------ DATASET CONTENT ------

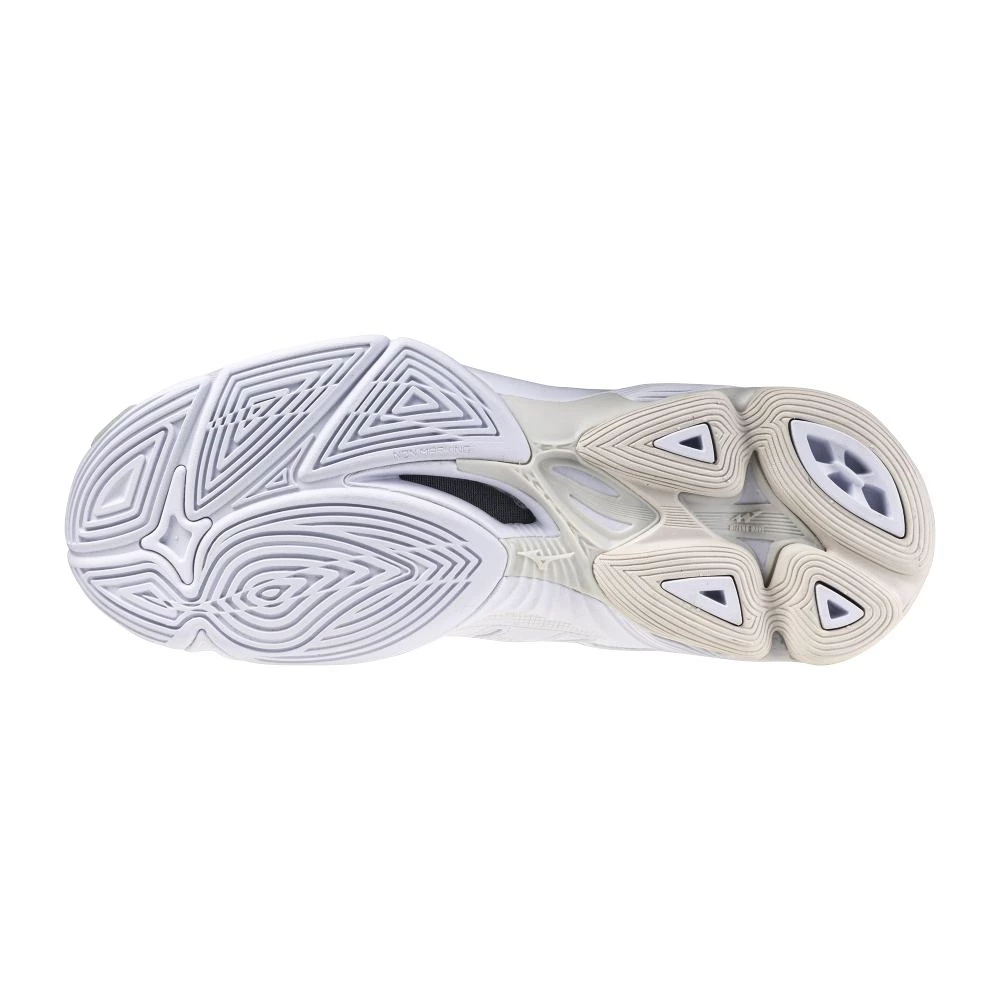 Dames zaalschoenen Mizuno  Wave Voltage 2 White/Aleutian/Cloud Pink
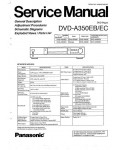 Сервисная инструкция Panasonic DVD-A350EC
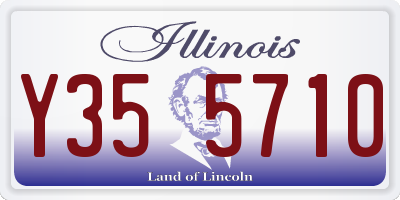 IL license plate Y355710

------
------ DATASET CONTENT ------

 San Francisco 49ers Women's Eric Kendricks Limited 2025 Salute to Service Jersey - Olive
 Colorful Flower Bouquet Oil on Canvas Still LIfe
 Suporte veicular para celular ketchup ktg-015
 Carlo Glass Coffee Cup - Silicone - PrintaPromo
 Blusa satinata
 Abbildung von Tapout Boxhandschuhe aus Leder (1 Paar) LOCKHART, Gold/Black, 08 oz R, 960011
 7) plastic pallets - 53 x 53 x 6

------

### YOUR GOAL
Go through the material above and output exactly the lines from the one containing "Abbildung von Tapout" through the one containing "7) plastic pallets - 53 x 53 x 6".

### ANSWER SPACE
 Abbildung von Tapout Boxhandschuhe aus Leder (1 Paar) LOCKHART, Gold/Black, 08 oz R, 960011
 7) plastic pallets - 53 x 53 x 6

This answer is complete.